If `pretty = FALSE`, a list with summary stats. If TRUE, prints formatted output and invisibly returns the list.


Method weight_summary()

Print weight distribution diagnostics.

Usage

TTEEnrollment$weight_summary()


Method table1()

Generate baseline characteristics table. Wraps [tableone::CreateTableOne()] or [tableone::svyCreateTableOne()].

Usage

TTEEnrollment$table1(ipw_col = NULL)

Arguments

ipw_col

Character or NULL. If specified, creates weighted table.

Returns

A tableone object.


Method rates()

Calculate events, person-years, and rates by exposure group.

Usage

TTEEnrollment$rates(weight_col)

Arguments

weight_col

Character, required. Column name for weights.

Returns

A data.table with events, person-years, and rates.


Method irr()

Fit weighted Poisson regression and extract incidence rate ratios.

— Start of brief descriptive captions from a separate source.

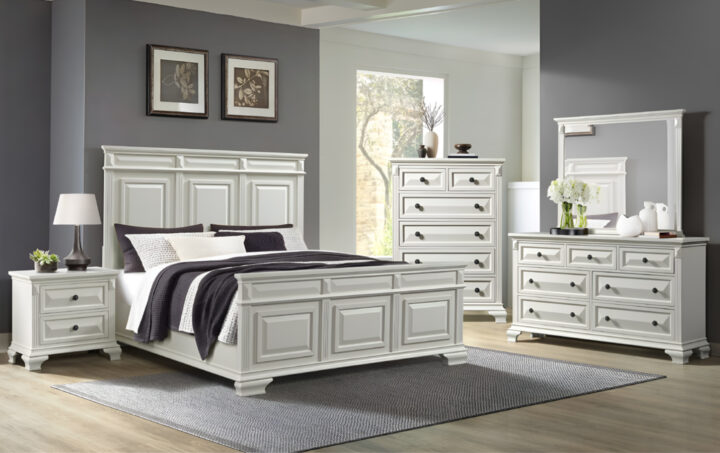 BRIDGESTONE WHITE BEDROOM SET life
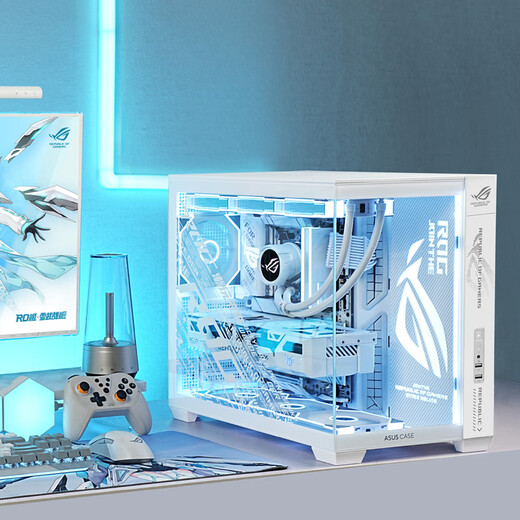 ASUS (ASUS) ASUS rog family bucket i5 14600KF/RTX4070super game console U5-245KF+RTX5060TI-16G ASUS fully assembled computer 14600KF+RTX5060TI-16G丨Configuration four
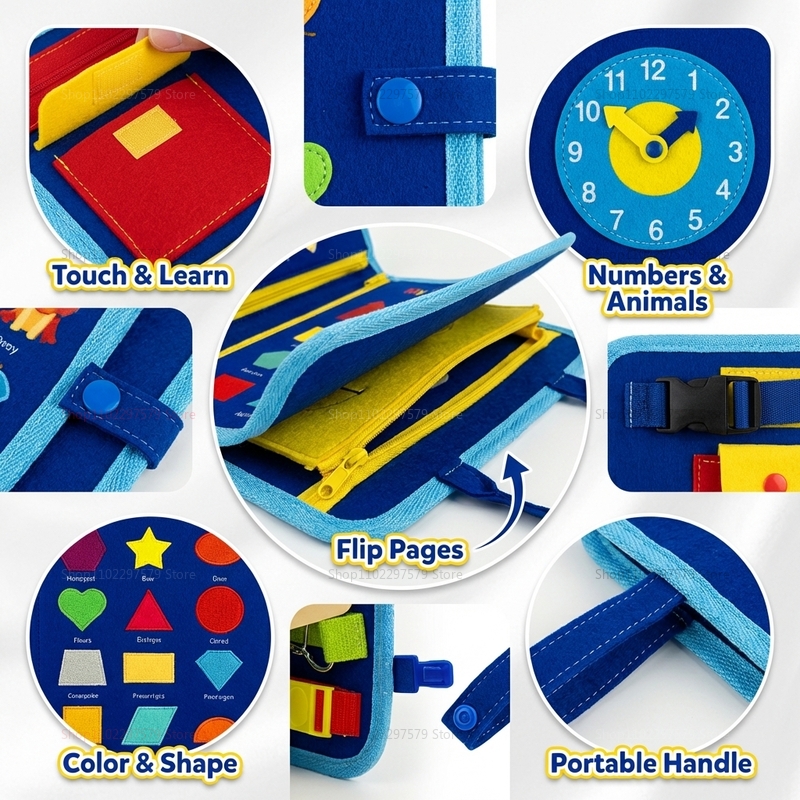 Montessori Busy Board Sensoris – Kids Toys Easter Bewertung und Preis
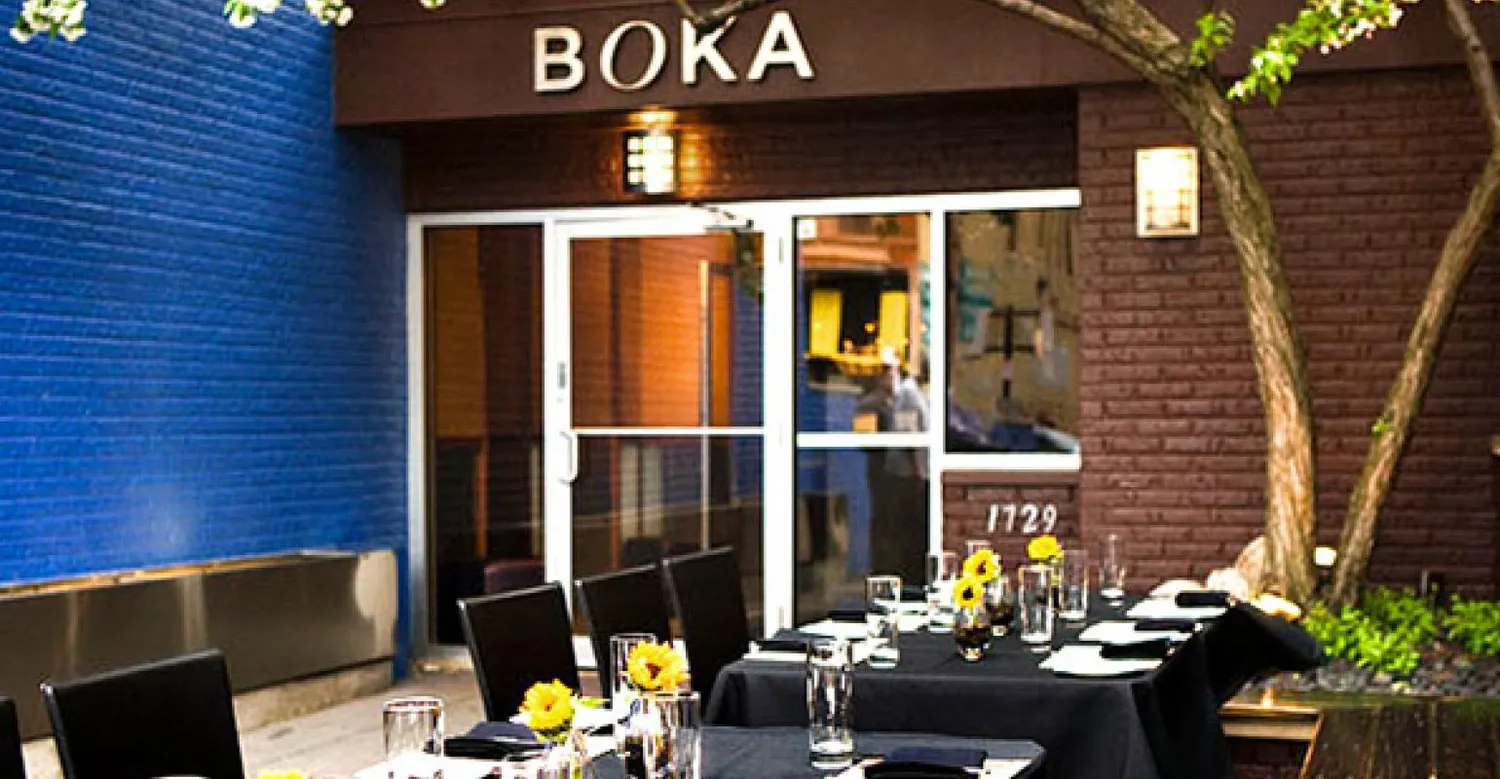 Boka restaurant Chicago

Uses `survey::svyglm()` with `quasipoisson` family and person-level clustering (`ids = ~person_id_var`) for robust standard errors. This accounts for within-person correlation across repeated trial entries (Hernan 2008, Danaei 2013).

**IRR vs HR**: For rare events (typical in registry-based TTE studies), the incidence rate ratio from Poisson regression approximates the hazard ratio from Cox regression (Thompson 1977). The Poisson model with `splines::ns(tstop, df=3)` flexibly models the baseline event rate over follow-up time — analogous to Cox's nonparametric baseline hazard and to Danaei et al.'s "month of follow-up and its squared terms" in pooled logistic regression.

**Computational choice**: `quasipoisson` accounts for overdispersion from survey weights, and `svyglm` scales to large registry datasets (unlike `survey::svycoxph()`). This is computationally equivalent to the pooled logistic approach used by Danaei et al. (2013).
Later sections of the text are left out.